Музыкант, друг Моны, сидел на ступеньках лестницы и явно скучал. Его можно было бы назвать привлекательным, если бы не недовольное выражение лица. Жизнь вызывала у него отвращение, общество тоже казалось ему омерзительным. Он пришел сюда только потому, что надеялся найти две вещи, которые еще интересовали его в этой жизни, - женщин и кокаин.
- Какая ужасная музыка, - промолвил он, когда я присела рядом с ним.
- Но она считается популярной. А под твою музыку невозможно танцевать. Кстати, Мона и Геральд трахаются сейчас наверху, в гардеробной.
Я хотела посмотреть, как музыкант отреагирует на эти слова. Но он и бровью не повел. Должно быть, от недостатка кокаина он страдал больше, чем от недостатка верности.

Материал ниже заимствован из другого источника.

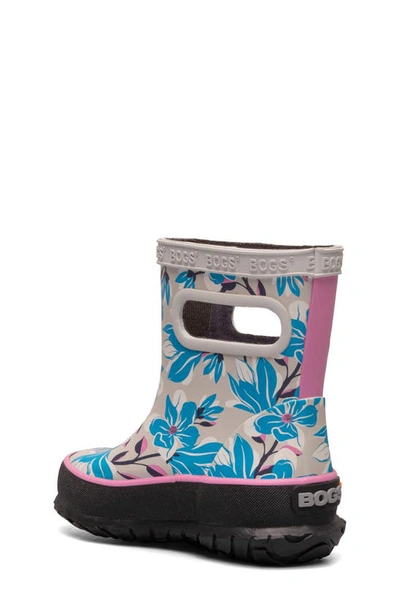 Bogs Skipper Magnolia Waterproof Rain Boot In Oyster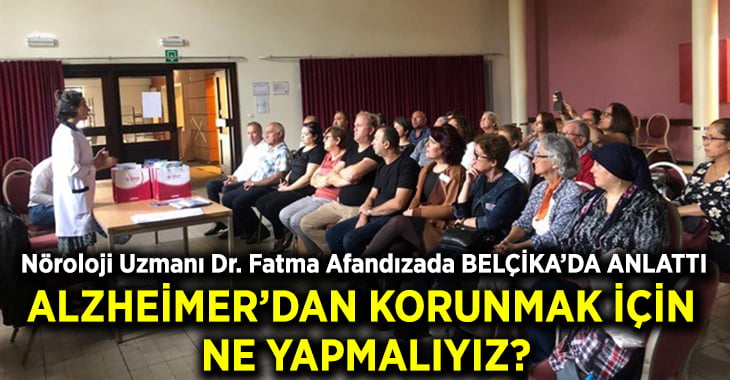 Alzheimer’dan korunmak için bunları yapın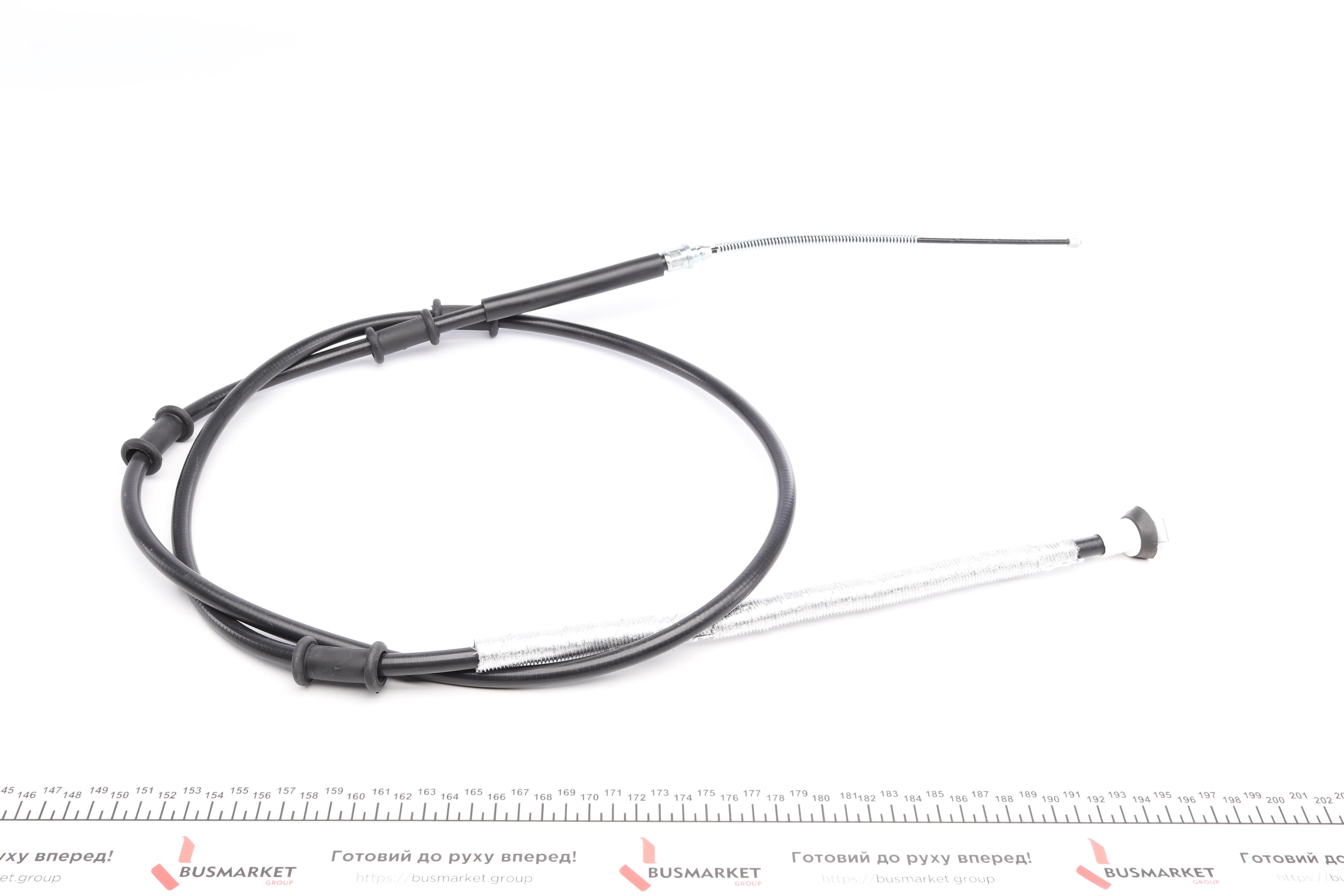 Трос ручника (задний) Fiat Doblo/Opel Combo 10- (2182/1898)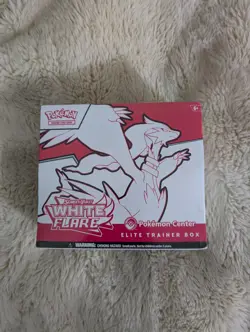 Pokemon White Flare Pokemon Center PC ETB Elite Trainer Box SEALED NEW - Image 1
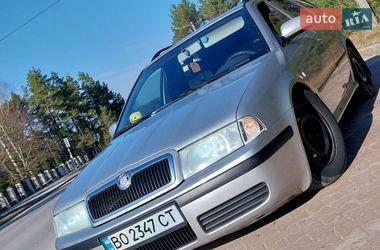 Универсал Skoda Octavia 2002 в Подволочиске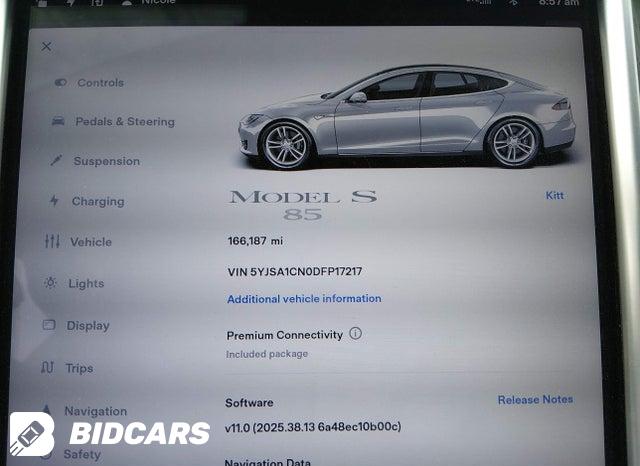 5YJSA1CN0DFP17217 2013 Tesla Model S photo no. 7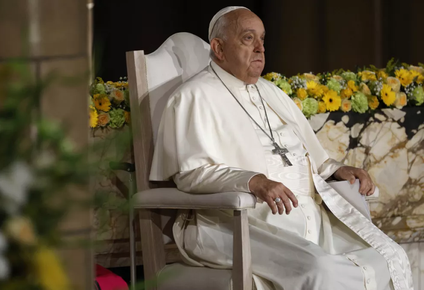 El mundo sigue la evolución del Papa Francisco.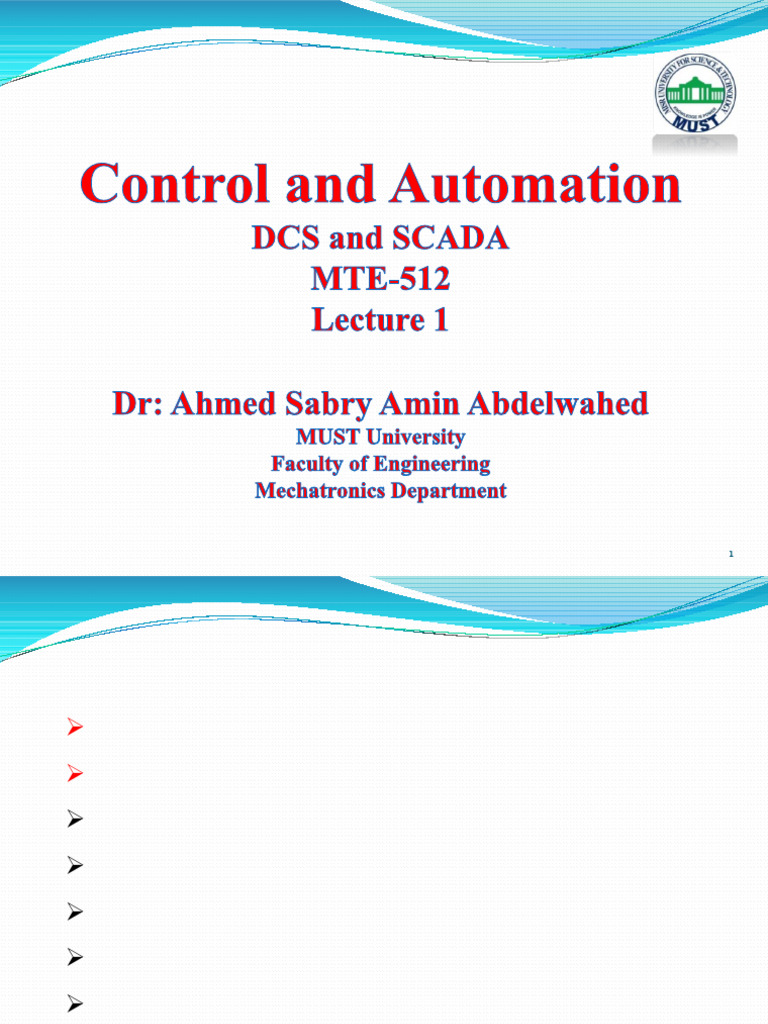Lecture 1 | PDF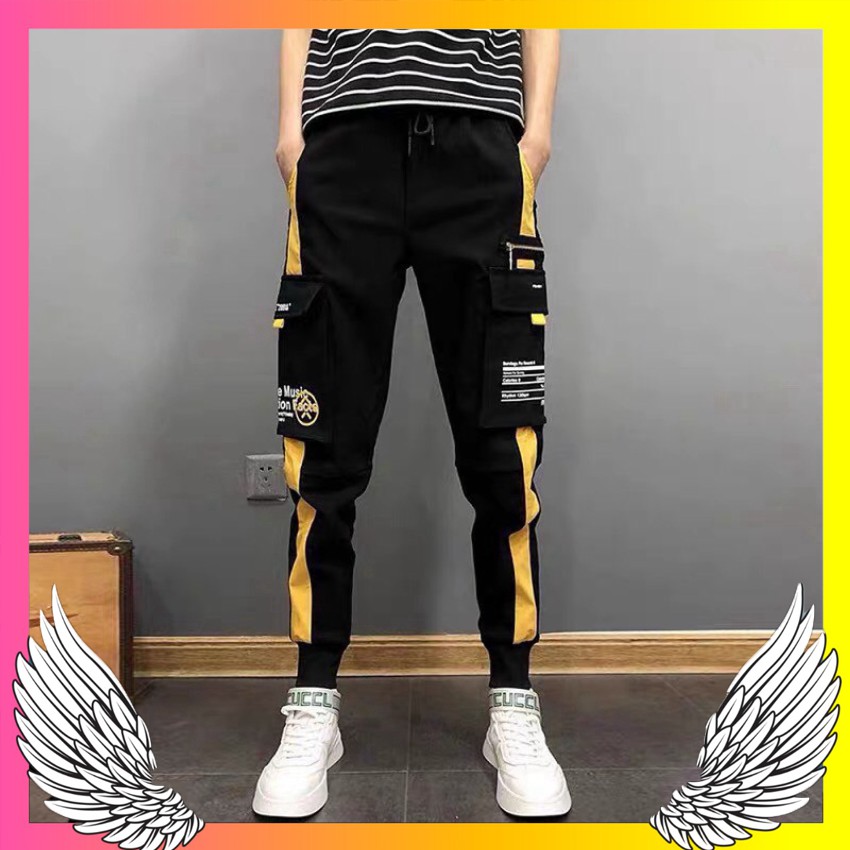 𝐌𝐚̂̃𝐮 𝐇𝐨𝐭 QUẦN KAKI JOGGER CHẠY SỌC TÚI HỘP MẪU MỚI (mới ra lò) | BigBuy360 - bigbuy360.vn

Впрочем, само слово "верность" звучало довольно странно в нашей среде, где главной целью считалось удовольствие. Серьезные отношения здесь не приветствовались.
- Ты их видела? У Моны замечательное тело, но у нее не хватает мозгов. Мона знает это и страдает от комплекса неполноценности. И чтобы компенсировать свой недостаток, она постоянно увеличивает число партнеров по сексу, считая это своим завоеванием. Не надо относиться к подобным вещам слишком серьезно и драматизировать ситуацию. Кстати, у тебя в доме есть кокаин?
Я тряхнула головой и предложила ему выпить мое виски. Музыкант с видимым отвращением осушил мой стакан.
- Какая дрянная вечеринка, - промолвил он, и на этот раз я была с ним полностью согласна.
Мне исполнился двадцать один год, но всем - даже Геральду - глубоко безразлично, что это мой праздник, мой день рождения. Никому нет никакого дела до причудливых мертвых омаров, до двухсот перепелов, которых, чертыхаясь, целый день фаршировали повара, до взмокших от усталости официантов и, наконец, до того, что на вечеринке отсутствует хозяин дома. Жизнь представлялась моим гостям бесконечным праздником. Мне стало зябко, и я поняла, что чувство холода будет еще долго преследовать меня.
Мона наконец спустилась к нам в вестибюль.
- У тебя шикарные тряпки, - заметила она, не обращая внимания на друга-музыканта, который все свои гонорары тратил на кокаин и не покупал ей роскошных нарядов.